▶ [Assignment] Could you please output all of the records exactly?

═══

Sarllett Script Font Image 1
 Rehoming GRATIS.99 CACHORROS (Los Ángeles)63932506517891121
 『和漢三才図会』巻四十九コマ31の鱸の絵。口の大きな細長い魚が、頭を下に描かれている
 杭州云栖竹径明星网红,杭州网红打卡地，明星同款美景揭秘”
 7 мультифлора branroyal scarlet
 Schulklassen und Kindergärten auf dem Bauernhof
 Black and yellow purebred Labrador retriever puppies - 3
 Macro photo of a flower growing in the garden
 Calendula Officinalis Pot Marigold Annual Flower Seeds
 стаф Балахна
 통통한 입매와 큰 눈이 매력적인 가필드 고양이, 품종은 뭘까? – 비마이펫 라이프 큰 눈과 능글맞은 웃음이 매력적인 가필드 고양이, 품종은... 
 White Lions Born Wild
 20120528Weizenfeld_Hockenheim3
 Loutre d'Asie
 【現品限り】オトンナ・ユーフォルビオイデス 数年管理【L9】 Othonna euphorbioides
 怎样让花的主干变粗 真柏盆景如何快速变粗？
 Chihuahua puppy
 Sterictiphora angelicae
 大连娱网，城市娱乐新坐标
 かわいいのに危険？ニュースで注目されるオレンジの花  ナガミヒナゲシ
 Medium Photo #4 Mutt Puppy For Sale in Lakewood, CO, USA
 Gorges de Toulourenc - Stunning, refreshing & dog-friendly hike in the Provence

═══

▶ [Problem solution]
Sarllett Script Font Image 1
 Rehoming GRATIS.99 CACHORROS (Los Ángeles)63932506517891121
 『和漢三才図会』巻四十九コマ31の鱸の絵。口の大きな細長い魚が、頭を下に描かれている
 杭州云栖竹径明星网红,杭州网红打卡地，明星同款美景揭秘”
 7 мультифлора branroyal scarlet
 Schulklassen und Kindergärten auf dem Bauernhof
 Black and yellow purebred Labrador retriever puppies - 3
 Macro photo of a flower growing in the garden
 Calendula Officinalis Pot Marigold Annual Flower Seeds
 стаф Балахна
 통통한 입매와 큰 눈이 매력적인 가필드 고양이, 품종은 뭘까? – 비마이펫 라이프 큰 눈과 능글맞은 웃음이 매력적인 가필드 고양이, 품종은... 
 White Lions Born Wild
 20120528Weizenfeld_Hockenheim3
 Loutre d'Asie
 【現品限り】オトンナ・ユーフォルビオイデス 数年管理【L9】 Othonna euphorbioides
 怎样让花的主干变粗 真柏盆景如何快速变粗？
 Chihuahua puppy
 Sterictiphora angelicae
 大连娱网，城市娱乐新坐标
 かわいいのに危険？ニュースで注目されるオレンジの花  ナガミヒナゲシ
 Medium Photo #4 Mutt Puppy For Sale in Lakewood, CO, USA
 Gorges de Toulourenc - Stunning, refreshing & dog-friendly hike in the Provence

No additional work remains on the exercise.